- What the task asks
Restate word for word the entries below, starting at the line with "Jeu de simulation" and ending at the line with "Grafica adesivi decal". Keep both end lines and omit the pictures.

[Items listed in a dataset]
Segment Open

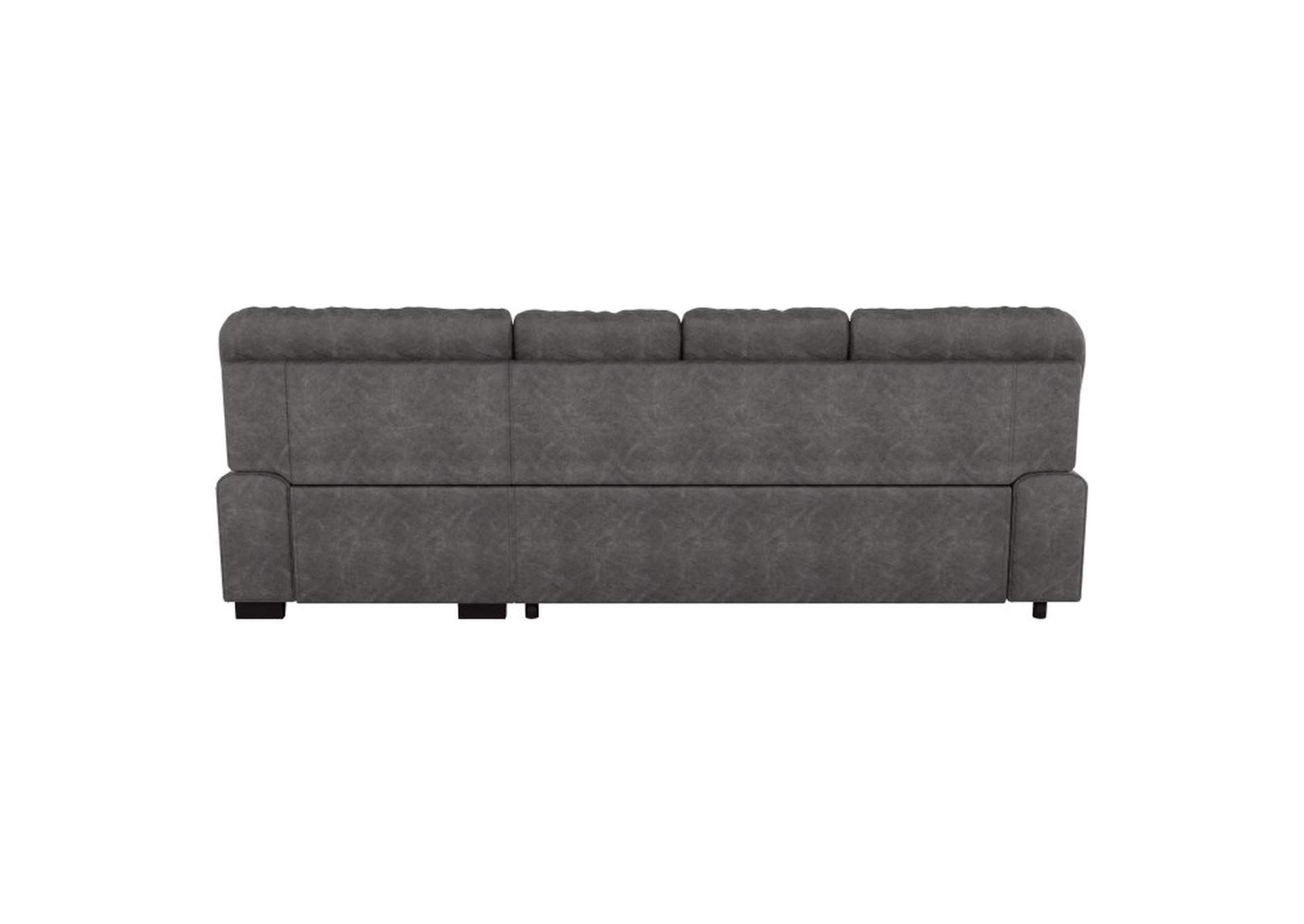 Michigan 2-Piece Sectional with Pull-out Bed and Right Chaise with Hidden Storage image 5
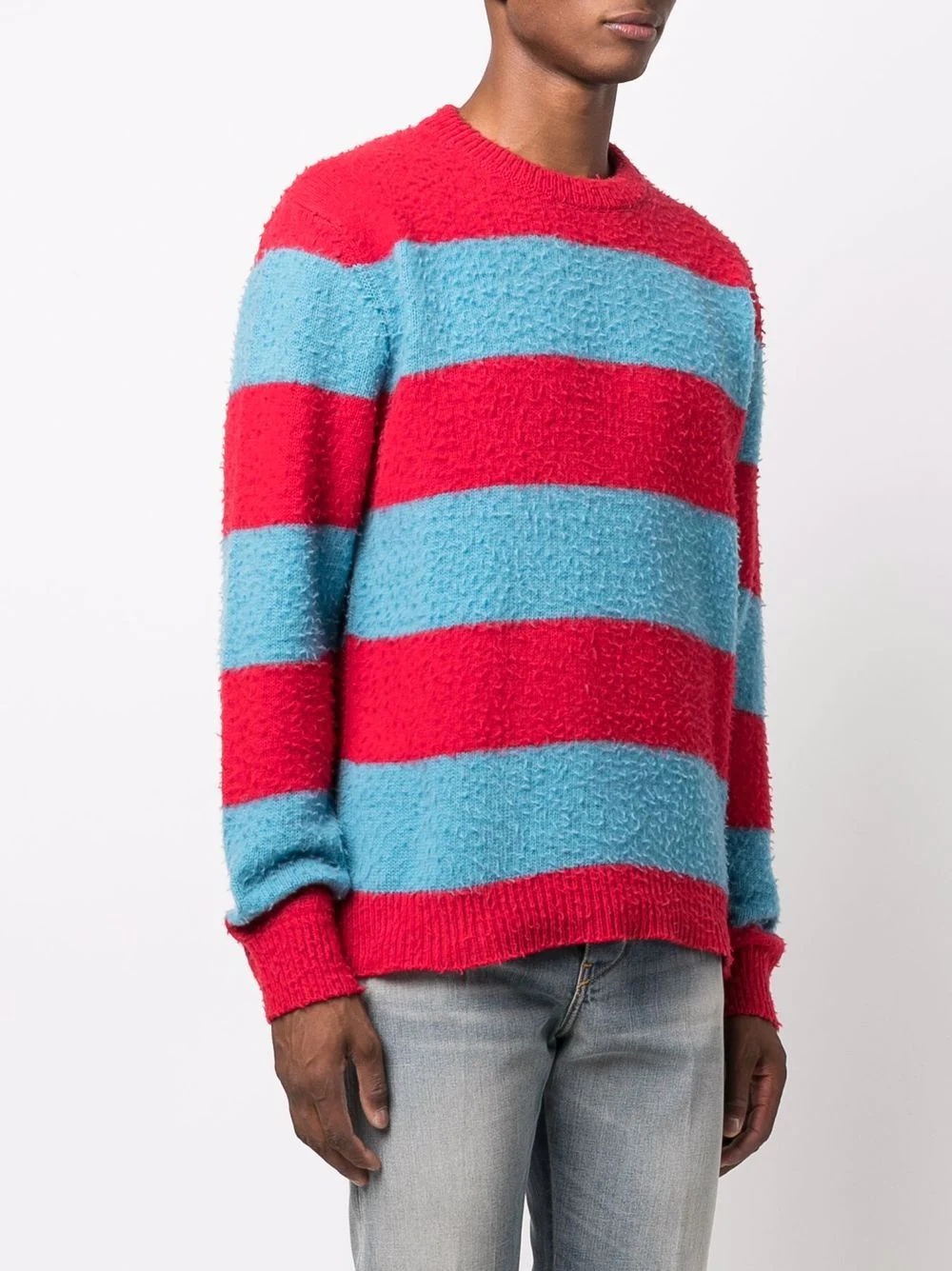 striped wool jumper - 3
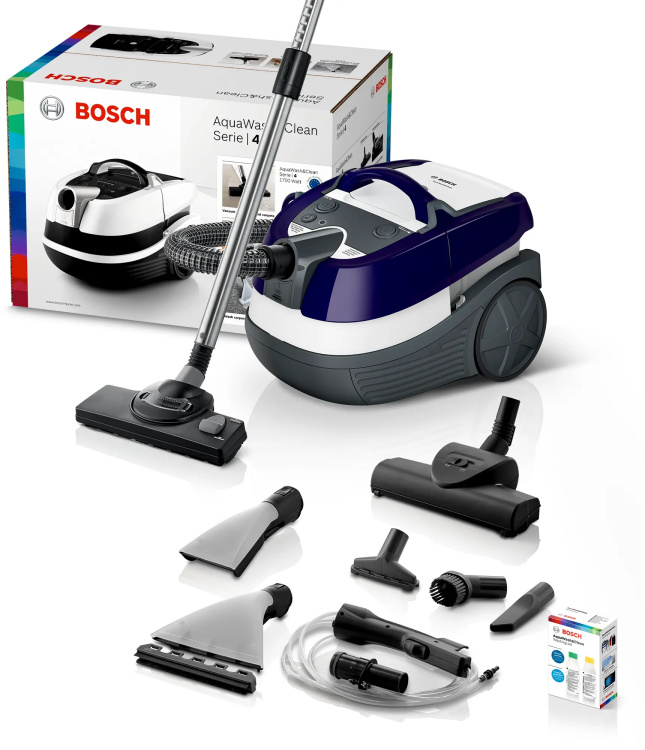 Пылесос моющий с аквафильтром Bosch Serie 4 AquaWash&Clean BWD41740 (UA)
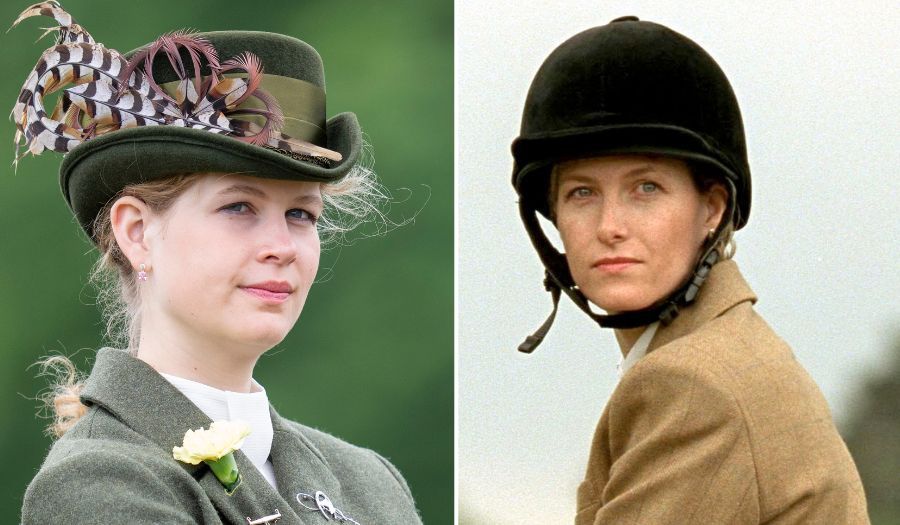 Lady Louise Windsor and Duchess Sophie split screen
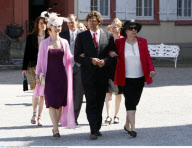PRINCESS VICTORIA OF SWEDEN attending COUNT BJOERN BERNADOTTE's wedding on the island Mainau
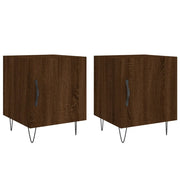 Set di 2 Comodini | Armadio da Notte | Mobiletto da notte Rovere Marrone 40x40x50 cm in Legno Multistrato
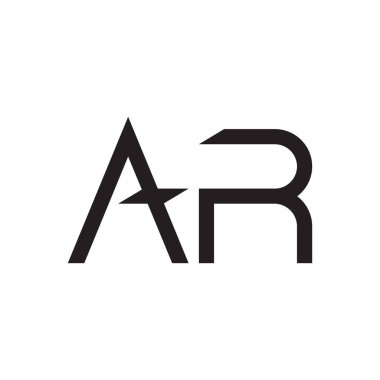ar ilk harf vektör logo simgesi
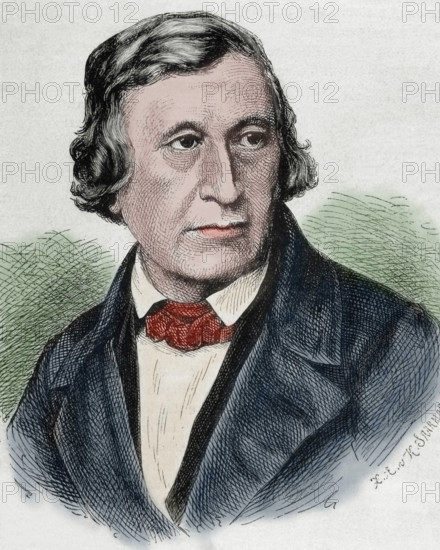 Wilhelm Grimm, 19th century. Creator: Unknown.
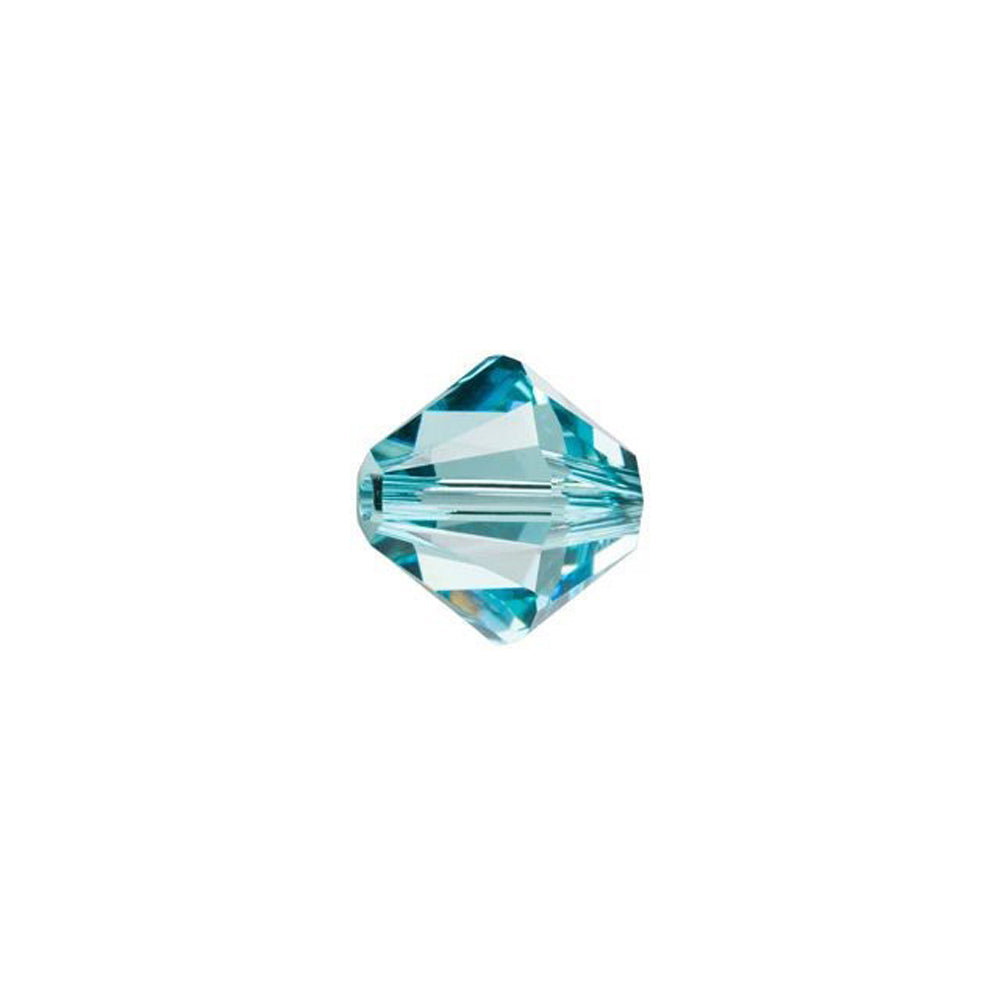 PRESTIGE Crystal, #5328 Bicone Bead 6mm, Light Turquoise (1 Piece)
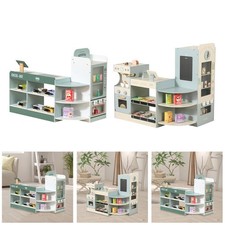 Jeu de simulation d'épicerie, jouet, en bois, ensemble amusant, de jeu,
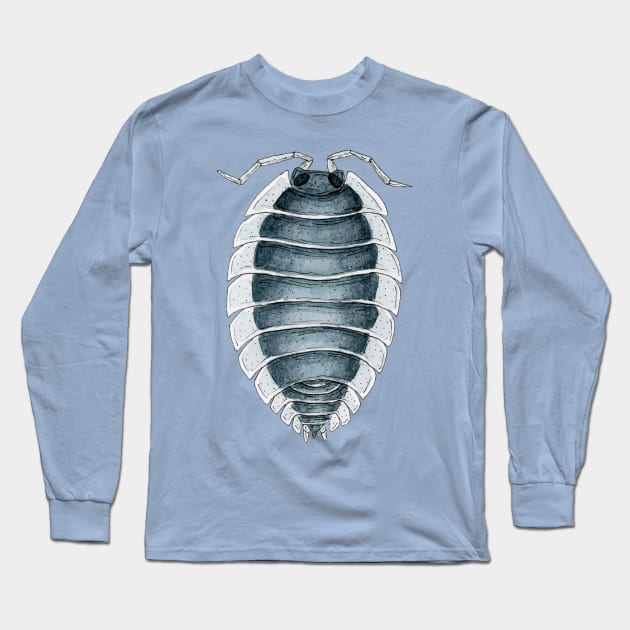 Porcellio werneri Isopod Long Sleeve T-Shirt by paintedpansy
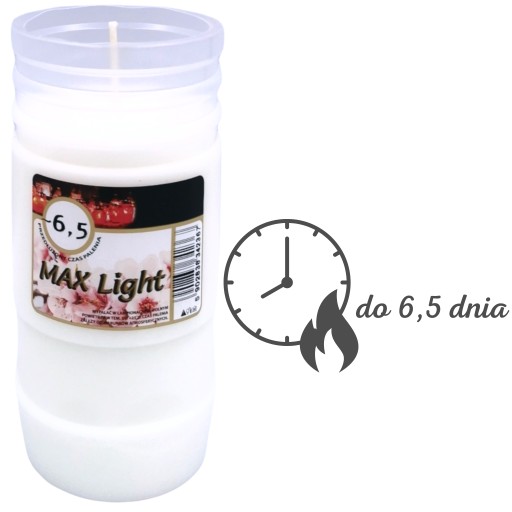 Свечи-вставки парафиновые 6-7 дней Max Light 12 шт.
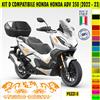 Grafica adesivi decal compatibili con HONDA ADV 350 -KIT D scegli colori c.2100
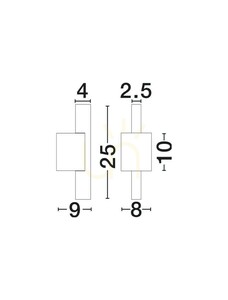 Aplică LED Luces Exclusivas ARUCAS LE45881, neagră small 7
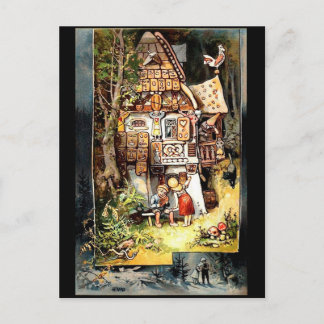 cartão postal de hansel e gretel 2
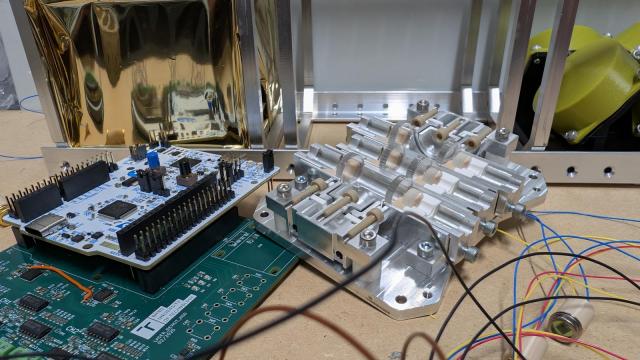 Výzkum labyrintového těsnění z FSI VUT je jedním ze dvou experimentů, které byly vybrány na palubu připravované experimentální družice BrnoSAT. | Autor: Ústavu konstruování FSI VUT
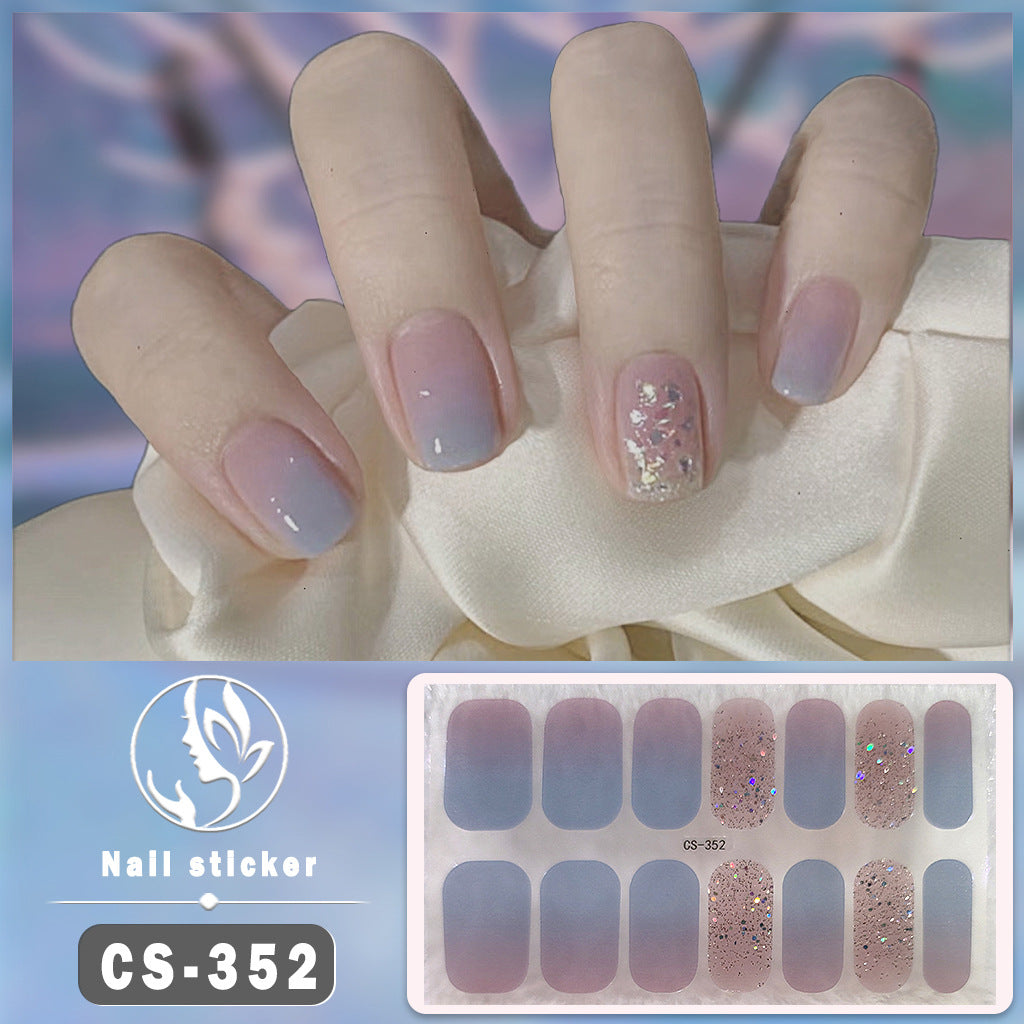 Pegatinas de uñas de gel Calcomanías de manicura impermeables
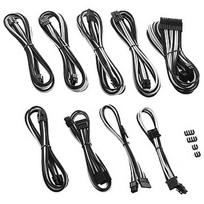 CableMod C-Series Pro ModMesh Cable Kit for Corsair RMi/RMx/RM (Black Label), Black/White CM-PCSR-FKIT-NKKW-R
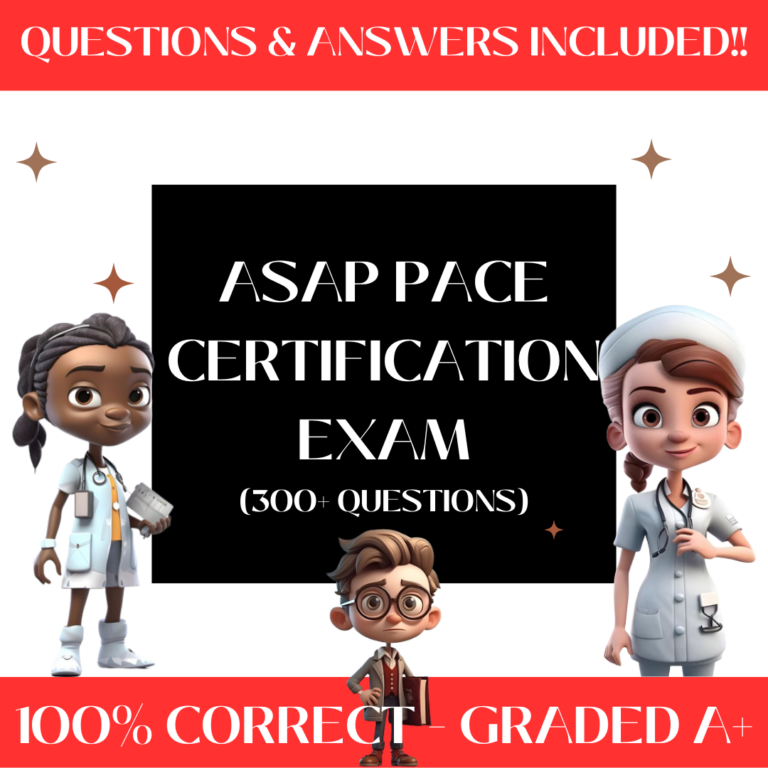 ASAP Pace Certification Exam | 300+ Questions | Certified Study Guide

Segment Closed

- Task result
 Jeu de simulation d'épicerie, jouet, en bois, ensemble amusant, de jeu,
 Porcellio werneri Isopod Long Sleeve T-Shirt by paintedpansy
 Свечи-вставки парафиновые 6-7 дней Max Light 12 шт.
 Grafica adesivi decal compatibili con HONDA ADV 350 -KIT D scegli colori c.2100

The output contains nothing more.